The Center for the Study of Modern Art offers courses in art history, museum studies, and modern and contemporary art theory and practice. Courses are offered every fall and spring and are in collaboration with regional universities.
SPRING 2013 COURSE
Metaphysical Quests and Abstract Art in the 20th Century
January 15-May 7
Tuesdays, 2:30 to 5 pm
Center for the Study of Modern Art seminar room
$400, $350 for members
To enroll, contact Meg Clark, mclark@phillipscollection.org, 202-387-2151 x286
Course Description
This course explores modernism via the metaphysical and spiritual inquiries posed by numerous artists in both Europe and the United States from the turn of the 20th century to the mid-1960s.

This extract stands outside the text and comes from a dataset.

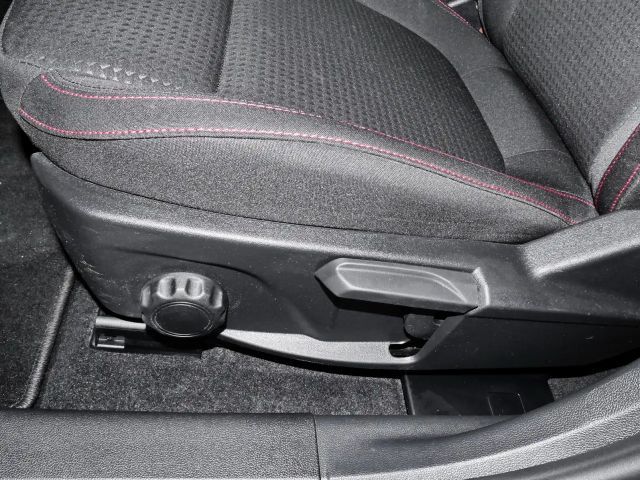 Ford Focus EcoBoost ST Line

Some scholars would call these spiritual claims a failure of nerve or an escape from reality, but such attitudes fail to understand how integral such pronouncements were for the artists' projects. We will ground the artists' interests in vitalism, theosophy, Zen, and other non-traditional spiritualities in their particular historical settings, putting them in dialogue with both the formal qualities of artworks and the political engagements of the artists for a more holistic view of modernism's project. Artists to be considered include Wassily Kandinsky, Piet Mondrian, Kazimir Malevich, Barnett Newman, Mark Rothko, John Cage, and Agnes Martin.
About the Instructor
Dr. Valerie Hellstein is the 2012-13 Phillips Postdoctoral Fellow. She received her PhD in art history from Stony Brook University, New York, in 2010, and is a scholar of 20th-century American and European art, in particular the connections between modern art, spirituality, and politics. She is currently working on a book, tentatively titled Collective Anarchy: The Club, Abstract Expressionism, and the Cold War, and most recently taught at Boston College and the Massachusetts College of Art and Design. In addition to furthering her research and teaching at the Phillips, Dr. Hellstein will deliver a public lecture on her research in April 2013, and participate in other scholarly activity at the Center and the George Washington University.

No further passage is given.